-- Records for the exercise follows --

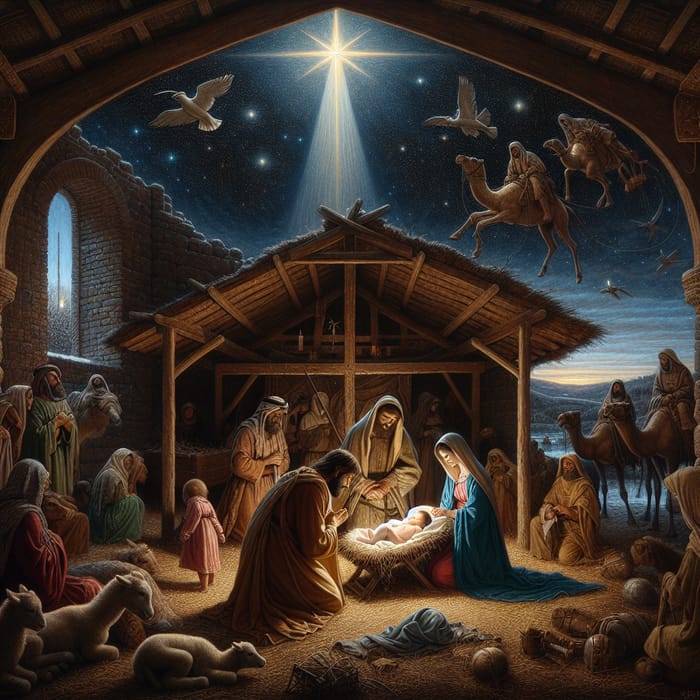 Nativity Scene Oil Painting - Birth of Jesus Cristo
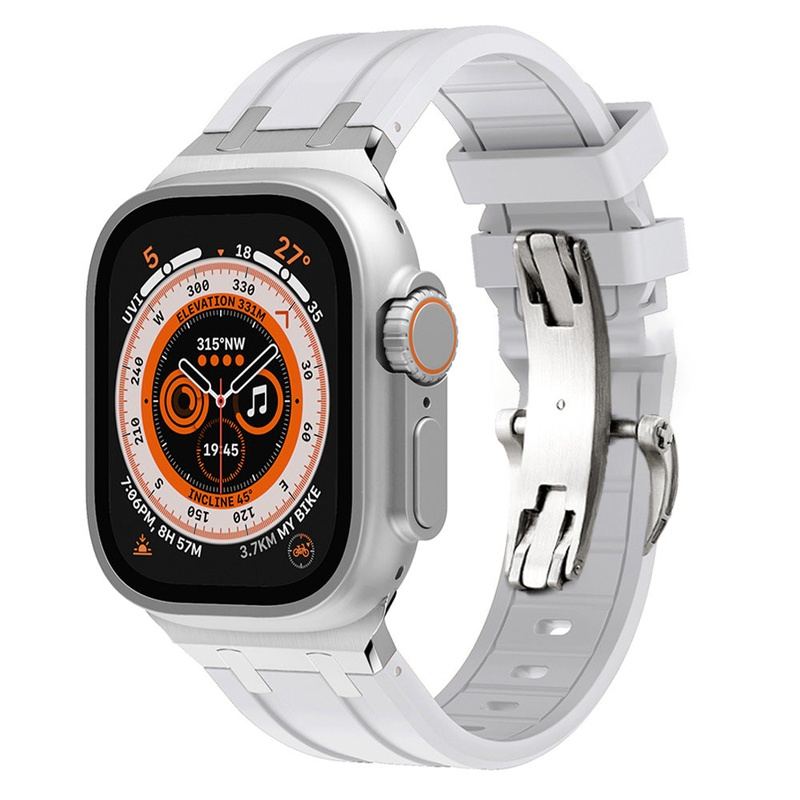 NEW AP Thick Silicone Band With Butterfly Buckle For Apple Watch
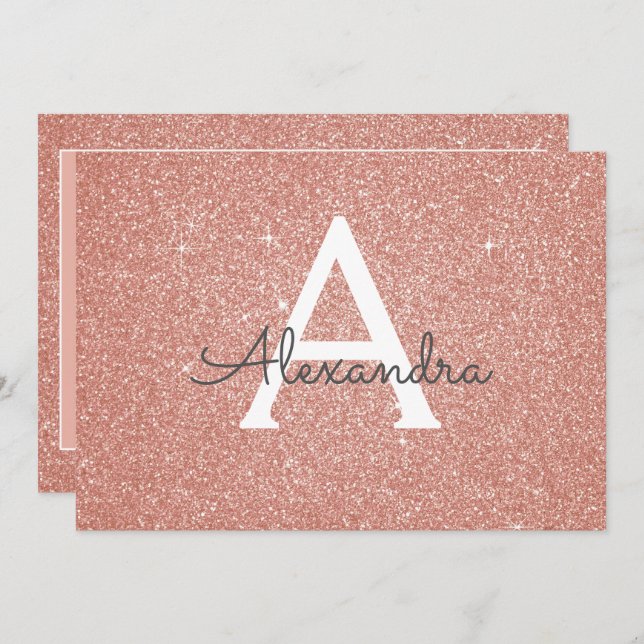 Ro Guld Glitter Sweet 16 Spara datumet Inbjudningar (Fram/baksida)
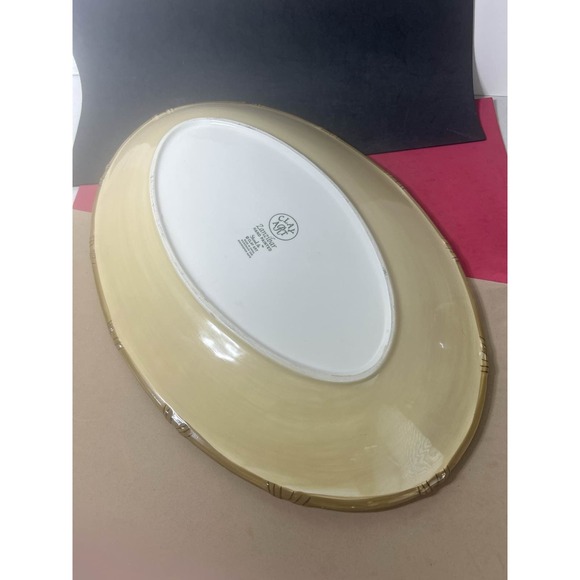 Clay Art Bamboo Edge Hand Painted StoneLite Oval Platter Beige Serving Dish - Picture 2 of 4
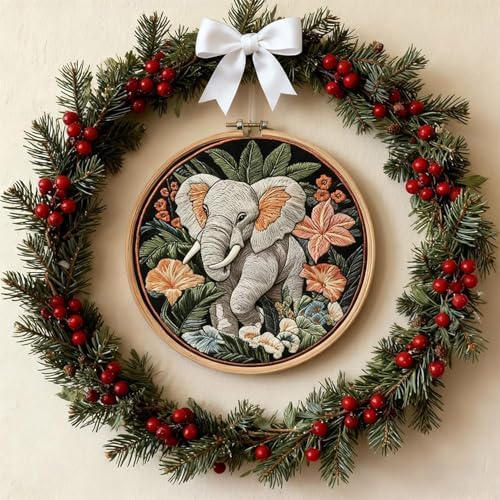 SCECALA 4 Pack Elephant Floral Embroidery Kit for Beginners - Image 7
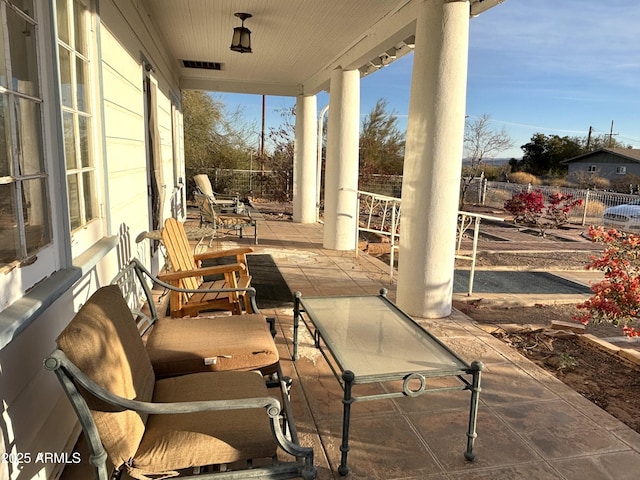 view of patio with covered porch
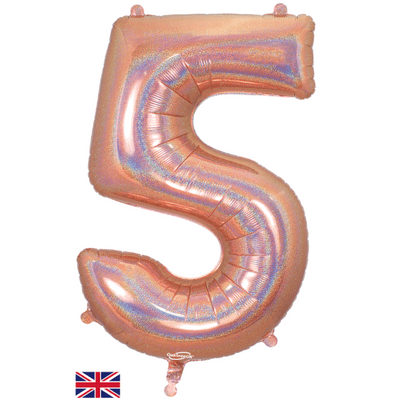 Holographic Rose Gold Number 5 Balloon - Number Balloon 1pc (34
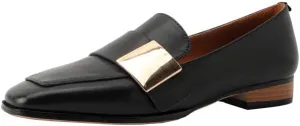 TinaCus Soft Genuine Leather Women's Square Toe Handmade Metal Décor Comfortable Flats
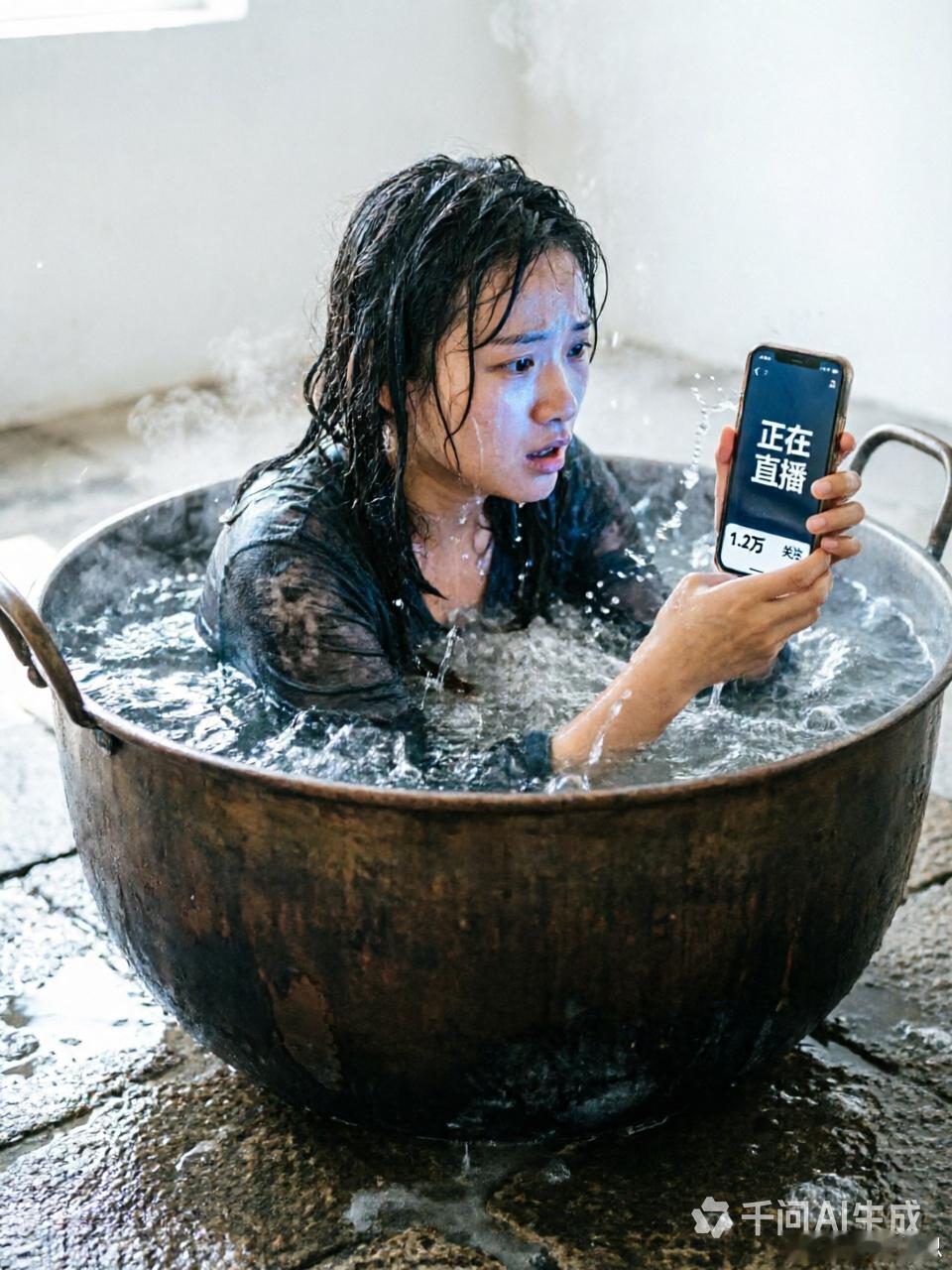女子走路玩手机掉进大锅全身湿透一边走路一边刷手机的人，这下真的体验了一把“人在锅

-- Records for the exercise concluded --

* **Exercise requirements**
With the pictures left out, write out exactly the lines from the line containing "Holographic Rose Gold" through the last line of the entries above, both ends included, and no others.

* **Reply to the exercise**
 Holographic Rose Gold Number 5 Balloon - Number Balloon 1pc (34
 TinaCus Soft Genuine Leather Women's Square Toe Handmade Metal Décor Comfortable Flats
女子走路玩手机掉进大锅全身湿透一边走路一边刷手机的人，这下真的体验了一把“人在锅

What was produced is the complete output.